Dhoni hits one of three
sixes
After lunch, India were 7-111 in forty minutes, with Raina and Mishra out to straight balls and Laxman half-pulling for the third time in the series, this time down the throat of Broad at fine leg. MS Dhoni then took the game up to England, batting securely for the first time in the series. He always looks so much the batsmen when he is playing aggressively. He added 84 with Praveen Kumar. Normally a four or out batsmen, Kumar managed enough defensive shots - not many of which were in any of the standard coaching manuals - to provide Dhoni with support. Again the crowd had to endure the boring, negative Test cricket norm of eight men on the boundary when Dhoni faced and once again, it had its effect on the bowlers, as they lost their line and zest. If you are on top, stay that way! The cricketing public can only hope that one of the international cricket coaches can convince his captain to keep his foot on an opponent's throat.

Cook takes a lookaway
fluke at silly point
When Kumar went hooking at Bresnan long after it was time to get into position - Sharma hung about for nearly three quarters of an hour while Dhoni added most of a further 29. The innings finished with Cook catching a backfoot drive from Sharma under his armpit. India's final total was nowhere near enough and they have again failed to post 300 in this series. There can be no comparison between the top sevens.

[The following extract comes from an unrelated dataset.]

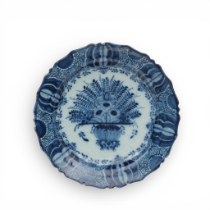 Delft, een blauwwit aardewerken pauwenschotel, gemerkt voor De Lampetkan, 18e eeuw,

Broad and Bresnan took four each but Anderson was just as good.

The England openers had little trouble breezing to 84 at stumps, with Strauss in particular looking fluent. It was his first half century since Sydney, when he had the bowlers serving him up half volleys and half-pitchers and blew a hundred which Cook, Bell and Prior didn't. Bell will bat next and Bopara at six, it must be said, if needed!

It's such an easy game when you are at the top of yours!

Tuesday, August 2, 2011

India Flogged

Yuraj ducks a Bresnan short ball
You can dress it up however you wish but India have been blasted away on the fourth day of the second Test and have had only one competitive day from the nine in this series so far. Injury excuses are insufficient to counter India's performances, as England themselves have had to cover  problems across the two Tests, yet have emerged so far ahead of the world number 1 as to make a mockery of the ranking system.

In Nottingham, England lost Tremlett on the eve of the Test. His replacement Tim Bresnan, took five Indian second innings wickets to wrap up the Test and all of them from the quality end of the batting line up. England's batting order was re-arranged to cater for an injury to their pivotal number three man Trott but Bell just jumped up the order and peeled of an sparkling century and everyone else lent a hand.

England have all the answers before the questions are asked.

The English "tail" added a superfluous additional hundred runs in the morning session at five an over, with Bresnan the star and in the end, unlucky not to reach three figures. Had it not been for the whole hearted efforts of Praveen Kumar, he might well have but Kumar managed to lift one up onto the shoulder of Bresnan's bat when glory was in sight. Kumar's second innings bowling was outstanding for a young man. At a time when the senior men appear to lost interest - indeed Inshant Sharma has been more joke than threat - he bent his back and removed most of the men who flogged the rest. Broad, of course, made runs again at 9.



Tendulkar stood alone.
India had lost Dravid in the five overs before lunch and six were gone before tea. Tendulkar stood alone, making 56 while the rest of the top seven made 22. Anderson and Broad made early inroads but it was Bresnan who unsettled the Indians with short stuff which they did not handle at all well. Lessons have been well learned from Caribbean footage and applied against the Indians in this series. Whether fending or attempting cross bat shots, none of the Indians appeared competent and the wickets clattered down. Anderson came back to take Tendulkar after he had raised a fighting half century with a typical Jimmy Anderson special, ripping the ball back from outside the off stump in Glen McGrath fashion and trapping Tendulkar with bat in air as the ball cannoned into his pads. Something straight from the swing bowlers master class.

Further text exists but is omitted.